[INFORMATION SHOWN Boundary: Start]

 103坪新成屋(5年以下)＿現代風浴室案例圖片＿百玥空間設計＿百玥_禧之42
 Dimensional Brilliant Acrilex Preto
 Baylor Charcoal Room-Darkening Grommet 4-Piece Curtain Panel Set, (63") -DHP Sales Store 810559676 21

[INFORMATION SHOWN Boundary: End]
[INFORMATION SHOWN Boundary: Start]

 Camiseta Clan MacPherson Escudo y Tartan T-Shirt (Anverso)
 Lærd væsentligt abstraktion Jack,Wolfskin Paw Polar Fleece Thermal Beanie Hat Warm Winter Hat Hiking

[INFORMATION SHOWN Boundary: End]

PROBLEM TO SOLVE:
Beginning with the line above that contains "Camiseta Clan MacPherson", copy each line exactly up to and including the line that contains "Lærd væsentligt abstraktion", and go no further.

EXERCISE OUTPUT:
 Camiseta Clan MacPherson Escudo y Tartan T-Shirt (Anverso)
 Lærd væsentligt abstraktion Jack,Wolfskin Paw Polar Fleece Thermal Beanie Hat Warm Winter Hat Hiking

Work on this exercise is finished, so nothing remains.